Data extract —
....
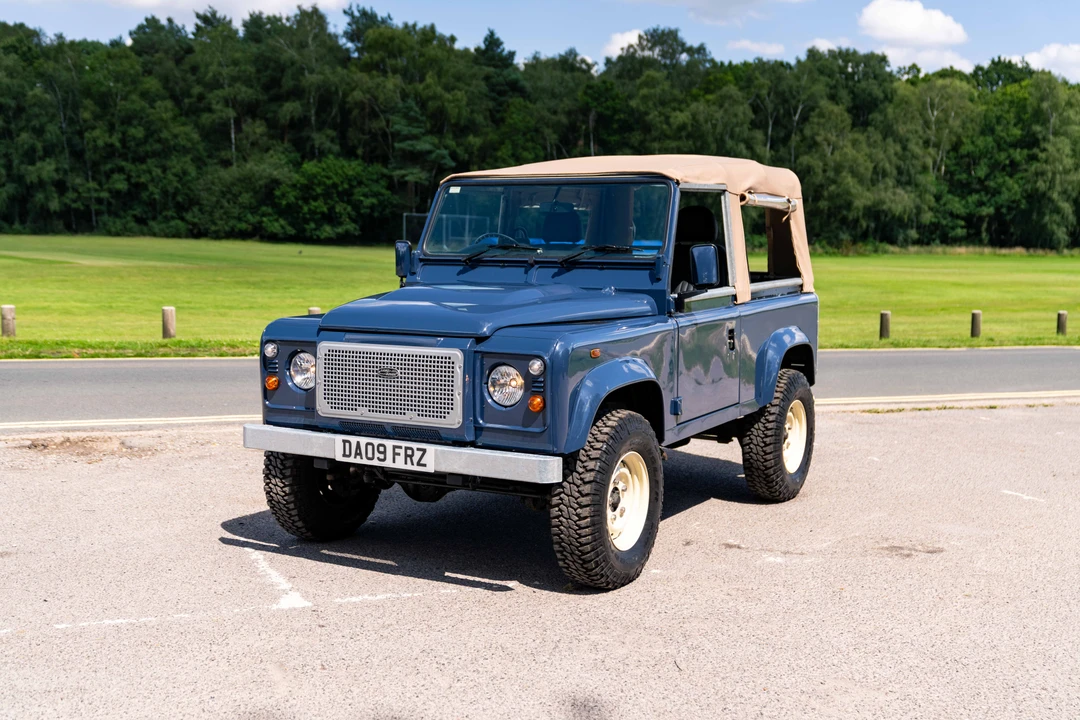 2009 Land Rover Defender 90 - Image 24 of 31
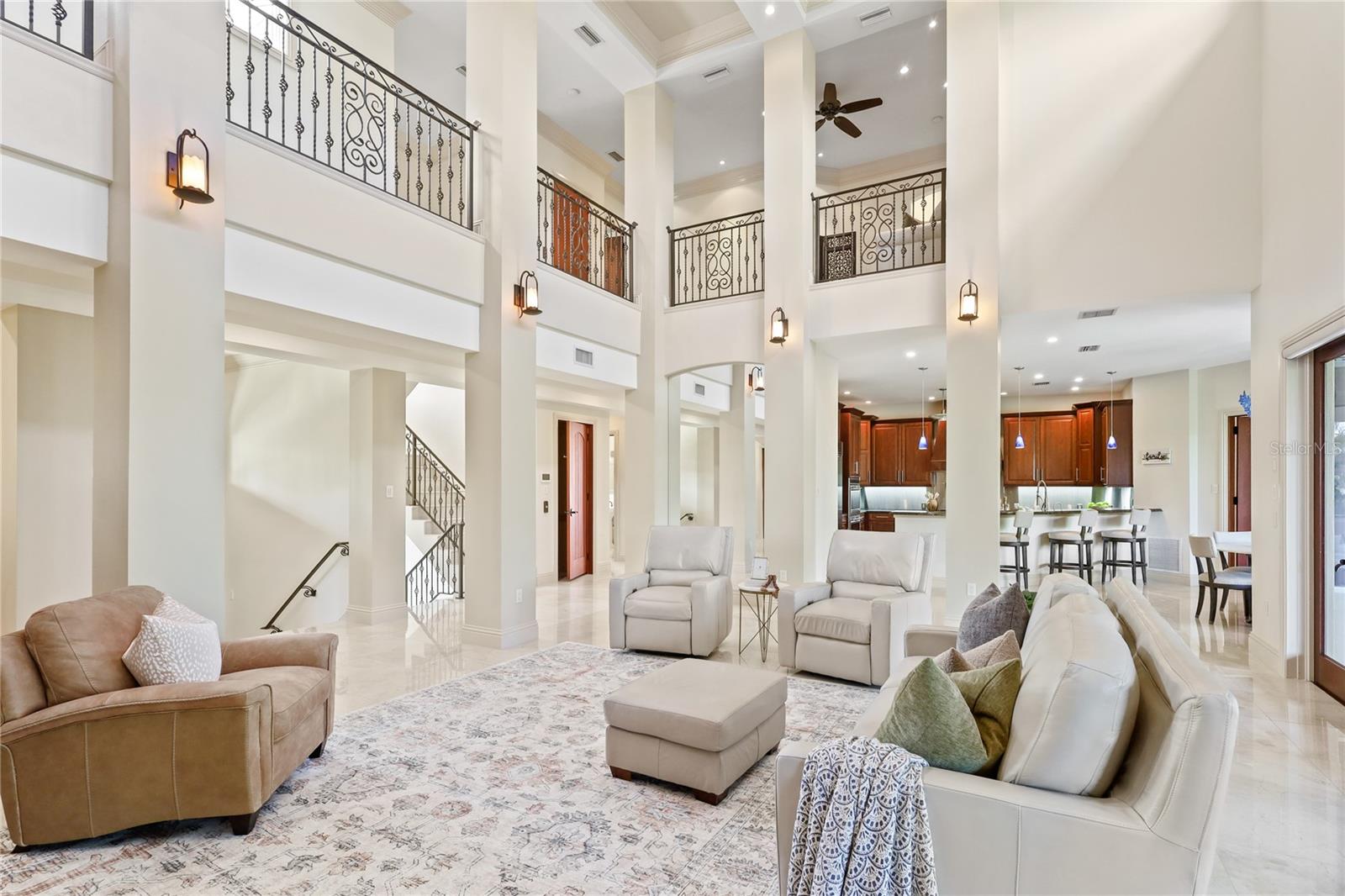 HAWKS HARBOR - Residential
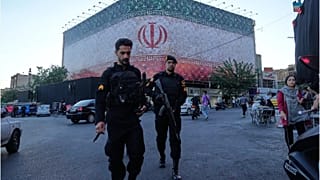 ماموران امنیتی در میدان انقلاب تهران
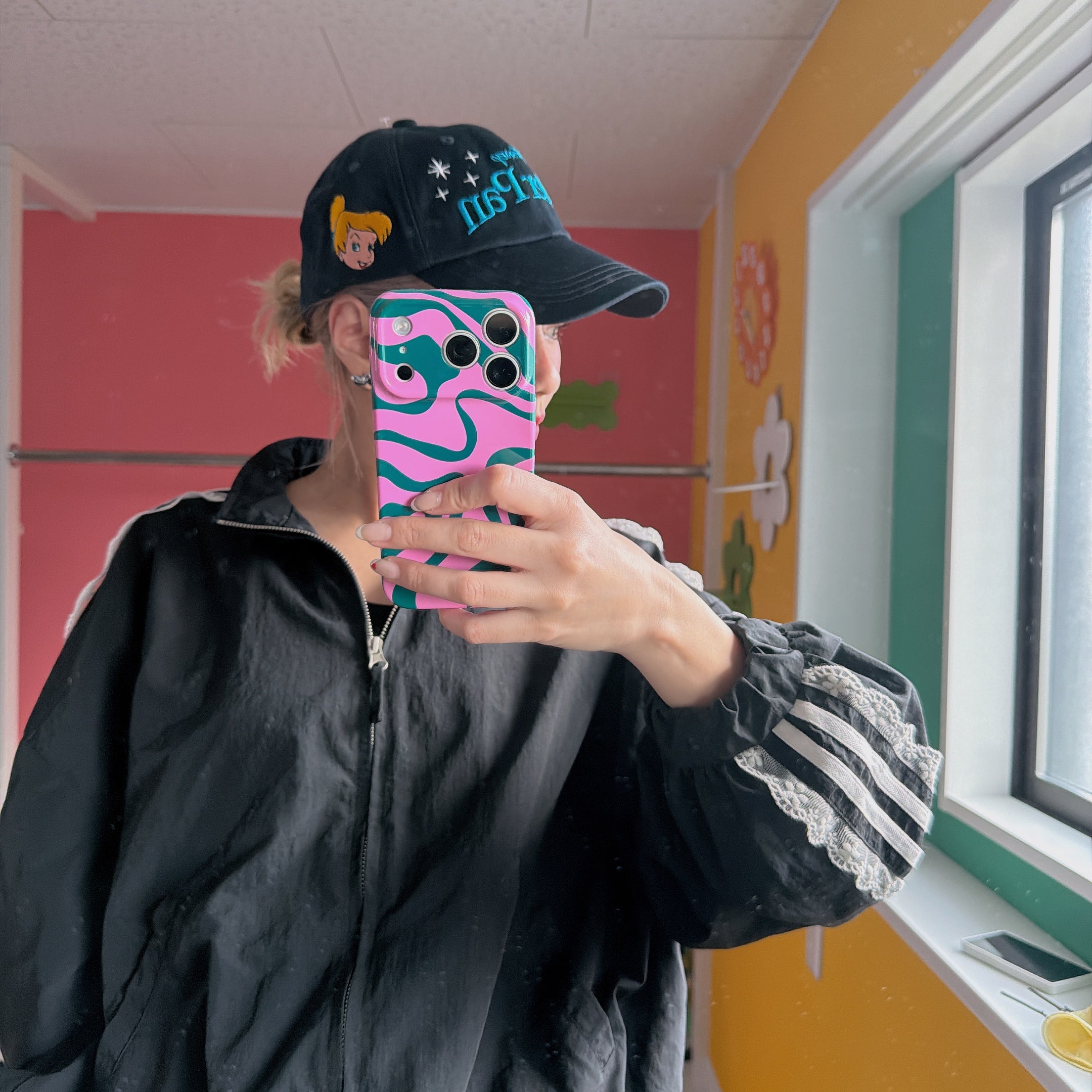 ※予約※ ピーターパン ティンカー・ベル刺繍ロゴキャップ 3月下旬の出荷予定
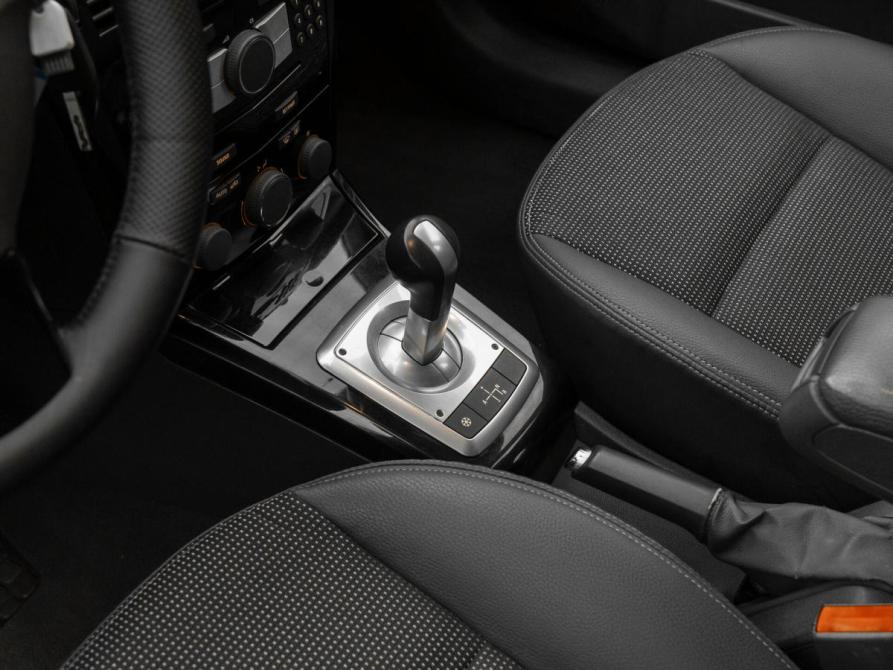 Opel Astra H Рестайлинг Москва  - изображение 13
....
Aim of the exercise —
Everything in the entries above should be printed again exactly, apart from the pictures.

Answer section —
 2009 Land Rover Defender 90 - Image 24 of 31
 HAWKS HARBOR - Residential
 ماموران امنیتی در میدان انقلاب تهران
 ※予約※ ピーターパン ティンカー・ベル刺繍ロゴキャップ 3月下旬の出荷予定
 Opel Astra H Рестайлинг Москва  - изображение 13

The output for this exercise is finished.